He seemed to sag a bit, and sighed. “Somethin’ like that, I guess. Or maybe not. I dunno, really, what I was thinkin’ of doin’, or what I might be able to do. But I had to see if there weren’t somethin’, y’see. And,” he added, needling a bit, “it didn’t look like there was anybody else that cared.”
“We’ve been here ever since they were brought in,” the lieutenant told him. “That’s why we couldn’t stay with you. That way, we were an obvious and public danger to whoever went to so much trouble to get them.”
“You saw who took ’em, then?”
She nodded. “We know a fair amount at this point, although not nearly enough. We didn’t have to put a one-on-one tail on them, you see.
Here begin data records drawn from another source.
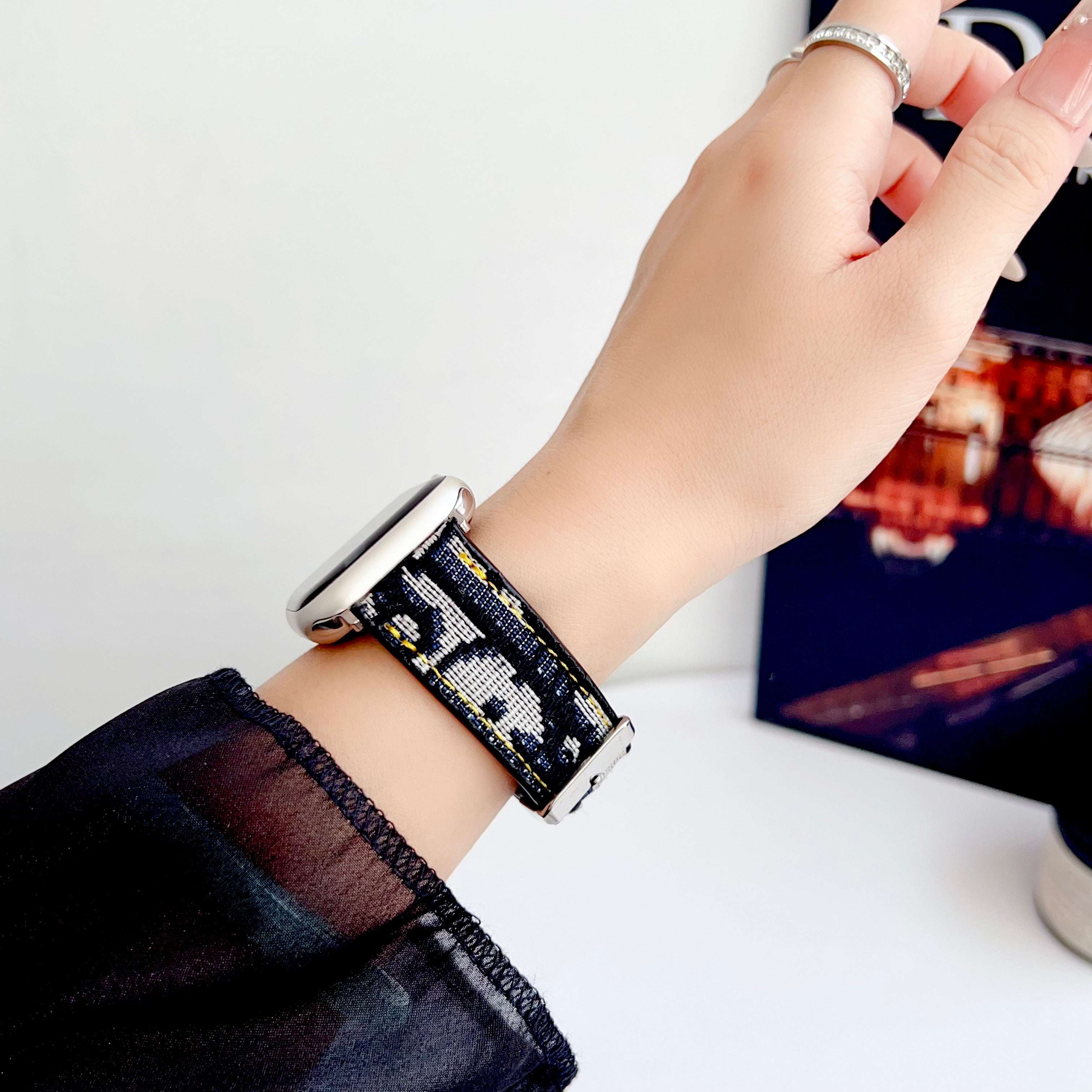 Leather CD Apple Watch Band Black-CYCD099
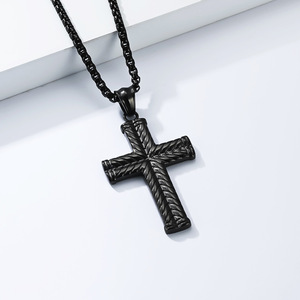 <b>Cross</b> Stainless Steel Necklace Unisex Sweater <b>Chain</b> Gift Jewelry - Product Image 4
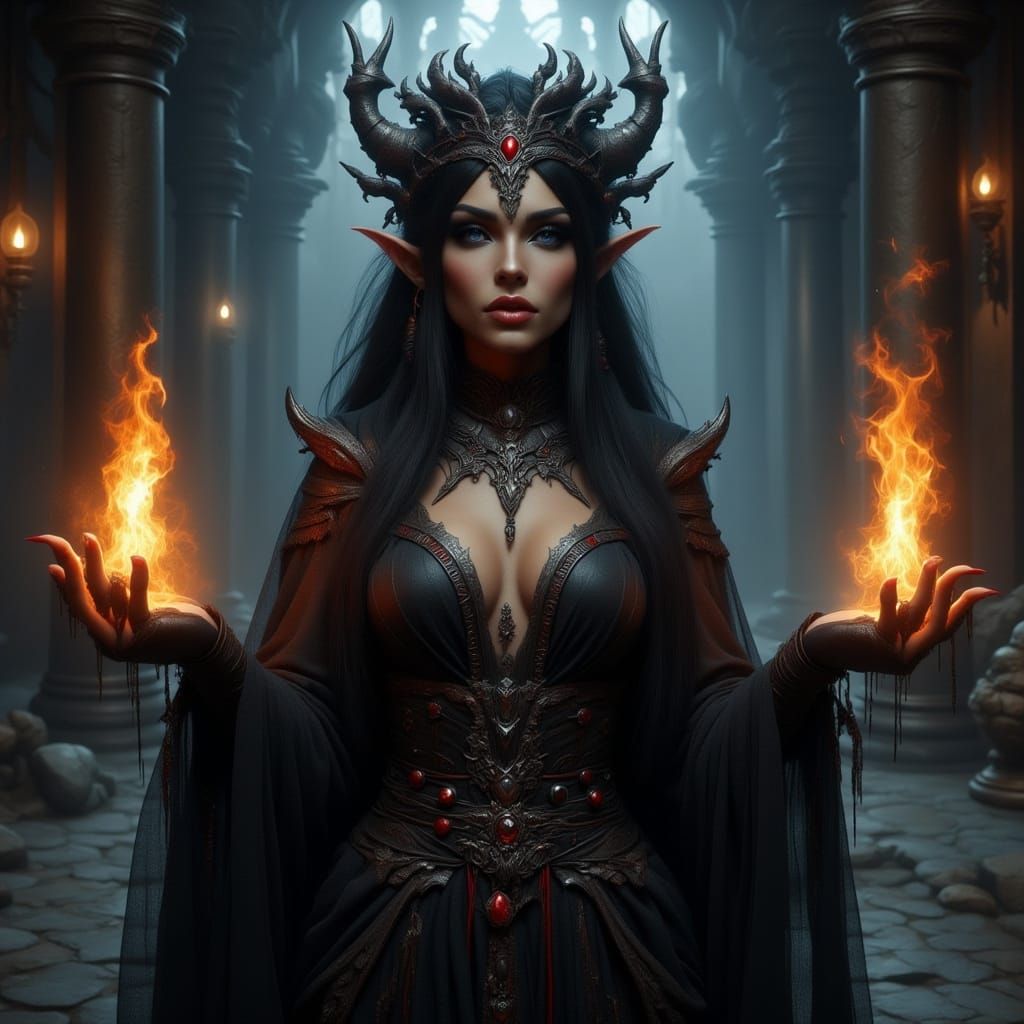 Dark Fantasy Drow Elf Wizard with Spider Crown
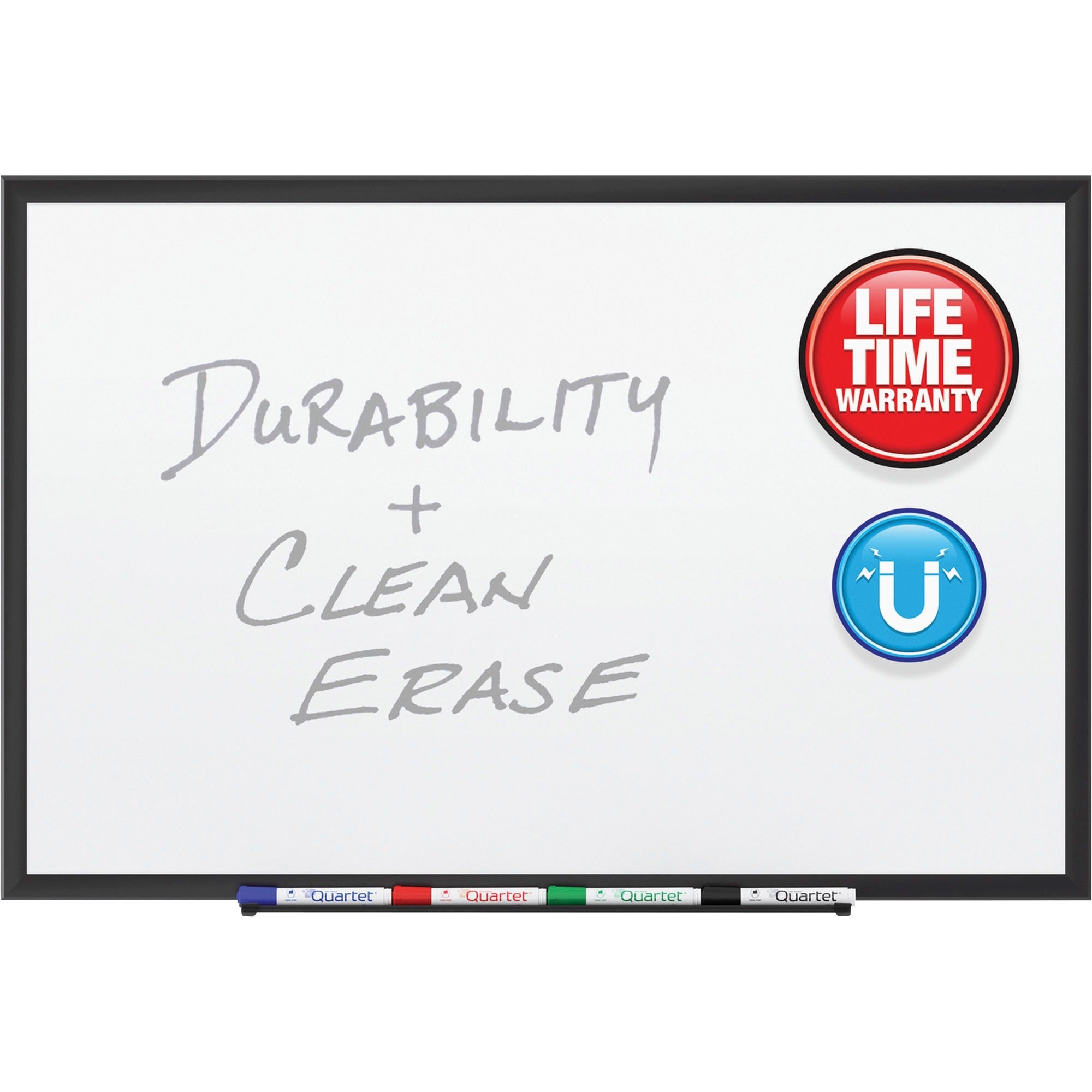 Quartet DuraMax Classic Whiteboard - 96" (8 ft) Width x 48" (4 ft) Height - White Porcelain Surface - Black Aluminum Frame - Rectangle - Horizontal/Vertical - Magnetic - 1 / Each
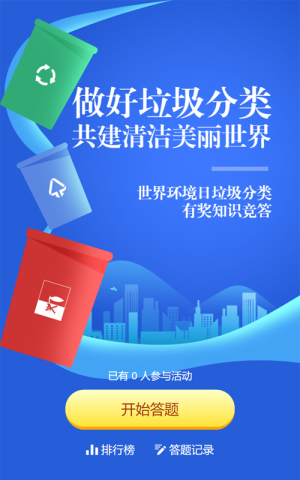 藍(lán)色扁平漸變風(fēng)格政府組織世界環(huán)境日知識答題活動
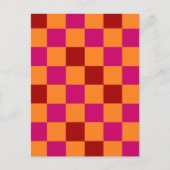 Red Orange Pink Checkered Pattern Design  ポストカード (正面)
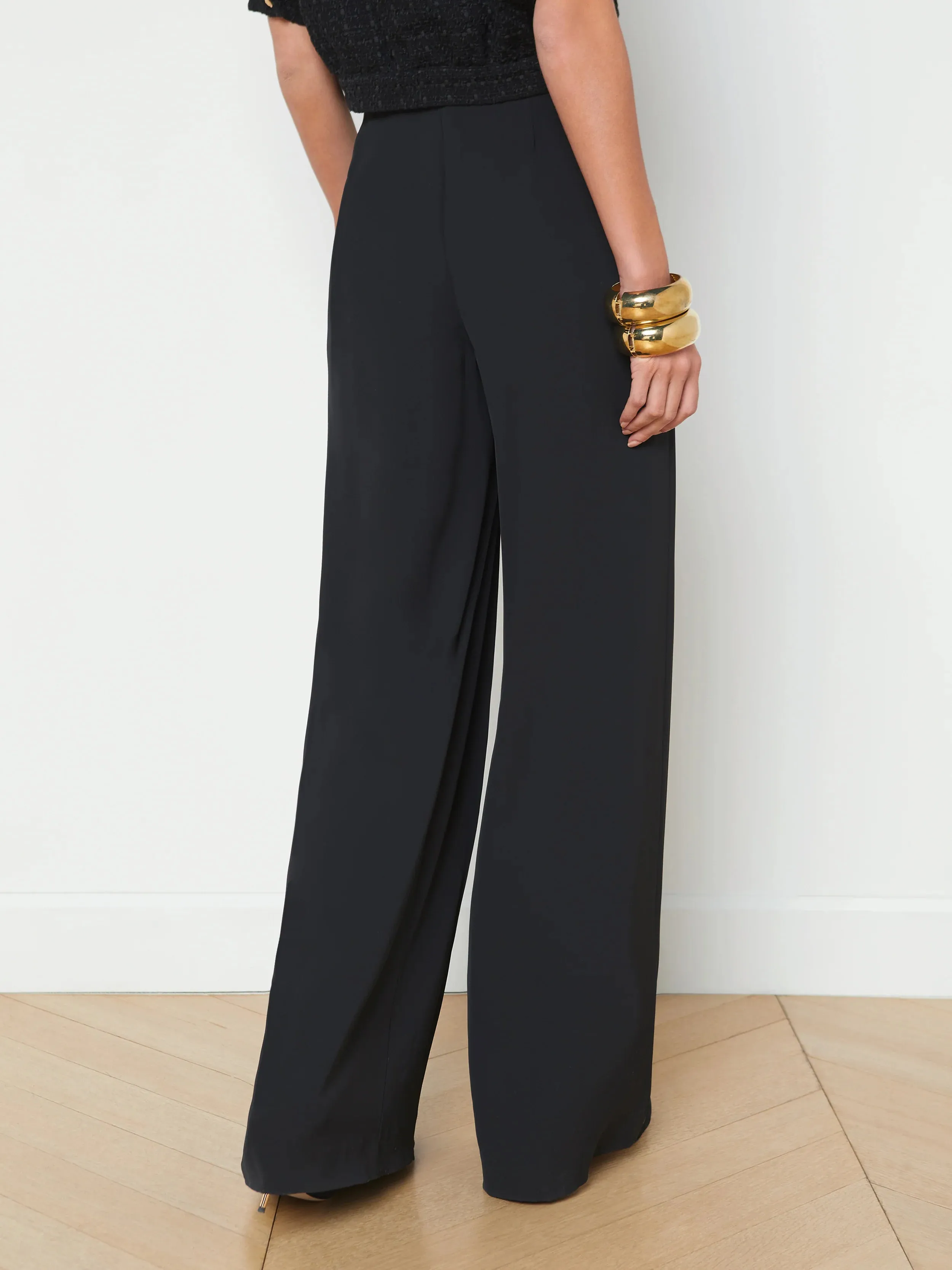 L’agence - Nova Pleated Wide Leg Pant - Black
There was enough chemical tracer in the bath wash in the courier ship that I could probably eventually trace them down within a couple of parsecs of this planet if need be.”
Murphy glanced back up the street towards the compound. “So what do they look like, these devil folks?”
“Ordinary. I don’t think they’re behind this at all. Just tools, like the girls and many others. Rich folks playing at being naughty. Their kind’s always been with us. Some can be quite dangerous, fanatics who have become lost in their own fantasy world, but they can be dealt with. Oddly, they are usually intellectuals with good contacts and influence. We would rather not have to harm them if we can avoid it, but they must be dealt with.”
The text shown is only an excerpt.